Le fragment sied autant au « roman national corse » qu’à son territoire cloisonné, sa société segmentée, son imaginaire morcelé, son peuple démembré, son sort abandonné au jeu incertain des solutions individuelles et des échappées solitaires. L’Ultimu, dernier roman de Jean-Pierre Santini, plonge délibérément dans le genre. Eclatement du récit. Dislocation du puzzle, partiel, bancal, inachevé dont certains avaient entrepris la construction, par la voie de la révolte — pure et lyrique ou dure et dramatique —, en espérant être à la fois l’attracteur rassemblant les pièces, la raison les aboutant les unes aux autres et le ciment conférant sa solidité à l’image finale. Révolte posée dans une juxtaposition d’actes symboliques, parfois violents, pas toujours insensés.
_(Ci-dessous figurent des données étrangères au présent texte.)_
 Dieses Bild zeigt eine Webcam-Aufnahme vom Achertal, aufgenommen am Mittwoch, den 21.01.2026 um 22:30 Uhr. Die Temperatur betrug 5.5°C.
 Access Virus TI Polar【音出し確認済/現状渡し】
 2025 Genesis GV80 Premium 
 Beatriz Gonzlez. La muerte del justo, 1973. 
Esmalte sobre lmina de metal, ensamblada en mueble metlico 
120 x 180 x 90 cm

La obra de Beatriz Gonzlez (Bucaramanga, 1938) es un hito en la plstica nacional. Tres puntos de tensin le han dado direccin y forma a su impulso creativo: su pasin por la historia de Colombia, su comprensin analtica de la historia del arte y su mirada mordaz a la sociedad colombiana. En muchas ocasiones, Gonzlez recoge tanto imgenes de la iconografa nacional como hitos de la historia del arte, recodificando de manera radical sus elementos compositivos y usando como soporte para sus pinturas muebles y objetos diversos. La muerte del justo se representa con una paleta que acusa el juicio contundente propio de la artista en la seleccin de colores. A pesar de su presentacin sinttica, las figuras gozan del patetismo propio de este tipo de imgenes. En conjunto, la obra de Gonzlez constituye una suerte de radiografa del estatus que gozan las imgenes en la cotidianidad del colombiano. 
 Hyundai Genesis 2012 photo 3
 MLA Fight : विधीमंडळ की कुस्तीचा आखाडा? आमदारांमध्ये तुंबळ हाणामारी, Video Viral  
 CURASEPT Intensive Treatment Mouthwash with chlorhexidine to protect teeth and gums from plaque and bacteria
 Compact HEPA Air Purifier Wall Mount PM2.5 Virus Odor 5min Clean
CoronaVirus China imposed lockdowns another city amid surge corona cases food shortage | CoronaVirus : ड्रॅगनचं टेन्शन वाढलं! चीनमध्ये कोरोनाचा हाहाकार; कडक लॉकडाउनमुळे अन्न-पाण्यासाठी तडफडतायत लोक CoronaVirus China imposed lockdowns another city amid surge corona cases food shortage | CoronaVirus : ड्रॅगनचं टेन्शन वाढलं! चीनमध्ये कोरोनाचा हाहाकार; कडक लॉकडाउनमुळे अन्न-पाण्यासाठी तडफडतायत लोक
Révolte exposée, aussi, dans une succession de textes publics visant, pour les uns, la mobilisation des énergies et, pour les autres, la justification des actes. Révolte extériorisée dans le simple effort de rester soi même et d’en assumer le coût. Manque le texte intermédiaire, la chronique des débats internes et des décisions intimes. Rien de plus oxymorique qu’un journal officiel de la spontanéité clandestine. Rien de plus improbable qu’une chronique du flux et reflux des doutes et des certitudes, des audaces et des timidités. Rien de plus paradoxal que l’histoire officielle d’un soulèvement : ça ne s’écrit que dans la victoire, lorsqu’un nouveau pouvoir se consolide en construisant a posteriori le récit mythique de sa fondation sanglante. Effacement de la dimension humaine, triviale, terre à terre, myope, sordide. Exaltation de la dimension héroïque, sublime, sanctifiée. Chacun trouve alors son compte à habiller du mot des mythes les gestes les plus insignifiants comme les grands faits légendaires. Unir. Jusqu’au dernier.